Comment by Ian Boros [ 29/Aug/18 ]

I read through through the code some more with David Storch, and he noticed that the call to std::abs(_pseudoRandom.nextInt32()) here could result in undefined behavior if _pseudoRandom.nextInt32() returns MIN_INT. We suspect that most compilers will do something "reasonable" in this situation, however, and are doubtful that it's the root cause of the bug (though I filed SERVER-36926). We also still have this code on the master branch, but have never seen the bug on versions other than 3.2.

Comment by Ian Boros [ 29/Aug/18 ]

For our posterity, here's a symbolized version of the stack trace posted by Nuno Costa.

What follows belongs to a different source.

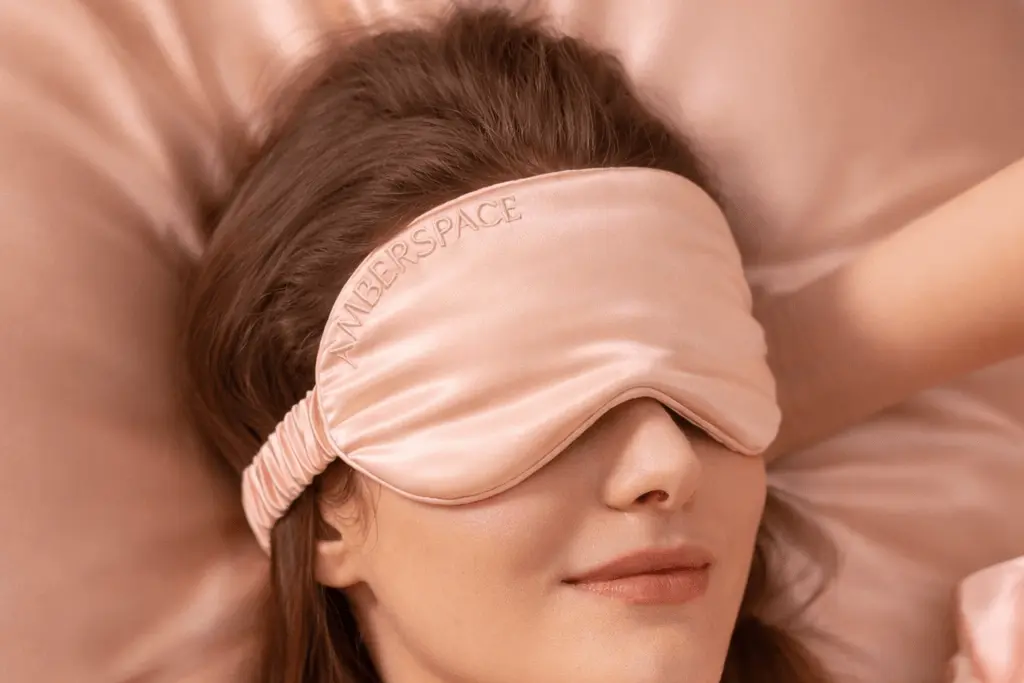 AMBERSPACE Antifaz para Dormir y Funda de Almohada 100% Seda de Morera 22 Momme Rosa Sakura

 /data/mci/389eeb60e2dee304bdc665c6487a1955/src/src/mongo/util/stacktrace_posix.cpp:171:0: mongo::printStackTrace(std::ostream&)
 /data/mci/389eeb60e2dee304bdc665c6487a1955/src/src/mongo/util/signal_handlers_synchronous.cpp:180:0: mongo::(anonymous namespace)::printSignalAndBacktrace(int)
 /data/mci/389eeb60e2dee304bdc665c6487a1955/src/src/mongo/util/signal_handlers_synchronous.cpp:237:0: mongo::(anonymous namespace)::abruptQuit(int)
 ??:0:0: ??
 ??:0:0: ??
 ??:0:0: ??
 /data/mci/389eeb60e2dee304bdc665c6487a1955/src/src/mongo/util/assert_util.cpp:154:0: mongo::invariantFailed(char const*, char const*, unsigned int)
 /data/mci/389eeb60e2dee304bdc665c6487a1955/src/src/mongo/s/query/cluster_cursor_manager.cpp:472:0: mongo::ClusterCursorManager::detachCursor_inlock(mongo::NamespaceString const&, long long)
 /data/mci/389eeb60e2dee304bdc665c6487a1955/src/src/mongo/s/query/cluster_cursor_manager.cpp:310:0: mongo::ClusterCursorManager::checkInCursor(std::unique_ptr<mongo::ClusterClientCursor, std::default_delete<mongo::ClusterClientCursor> >, mongo::NamespaceString const&, long long, mongo::ClusterCursorManager::CursorState)
 /data/mci/389eeb60e2dee304bdc665c6487a1955/src/src/mongo/s/query/cluster_cursor_manager.cpp:131:0: mongo::ClusterCursorManager::PinnedCursor::returnCursor(mongo::ClusterCursorManager::CursorState)
 /data/mci/389eeb60e2dee304bdc665c6487a1955/src/src/mongo/s/query/cluster_find.cpp:474:0: mongo::ClusterFind::runGetMore(mongo::OperationContext*, mongo::GetMoreRequest const&)
 /data/mci/389eeb60e2dee304bdc665c6487a1955/src/src/mongo/s/commands/cluster_getmore_cmd.cpp:108:0: mongo::(anonymous namespace)::ClusterGetMoreCmd::run(mongo::OperationContext*, std::string const&, mongo::BSONObj&, int, std::string&, mongo::BSONObjBuilder&)
 /data/mci/389eeb60e2dee304bdc665c6487a1955/src/src/mongo/s/s_only.cpp:128:0: mongo::Command::execCommandClientBasic(mongo::OperationContext*, mongo::Command*, mongo::ClientBasic&, int, char const*, mongo::BSONObj&, mongo::BSONObjBuilder&)
 /data/mci/389eeb60e2dee304bdc665c6487a1955/src/src/mongo/s/s_only.cpp:171:0: mongo::Command::runAgainstRegistered(mongo::OperationContext*, char const*, mongo::BSONObj&, mongo::BSONObjBuilder&, int)
 /data/mci/389eeb60e2dee304bdc665c6487a1955/src/src/mongo/s/strategy.cpp:237:0: mongo::Strategy::clientCommandOp(mongo::OperationContext*, mongo::Request&)
 /data/mci/389eeb60e2dee304bdc665c6487a1955/src/src/mongo/s/request.cpp:109:0: mongo::Request::process(mongo::OperationContext*, int)
 /data/mci/389eeb60e2dee304bdc665c6487a1955/src/src/mongo/s/server.cpp:200:0: mongo::ShardedMessageHandler::process(mongo::Message&, mongo::AbstractMessagingPort*)
 /data/mci/389eeb60e2dee304bdc665c6487a1955/src/src/mongo/util/net/message_server_port.cpp:227:0: mongo::PortMessageServer::handleIncomingMsg(void*)
 ??:0:0: ??
 ??:0:0: ??

A few more observations:
1) This invariant failure has only happened while we were returning a cursor to the cursor manager via ClusterFind::runGetMore. The other code path which may detach/destroy cursors is from the cursor reaper. It's strange that we've never seen this invariant trigger from that path.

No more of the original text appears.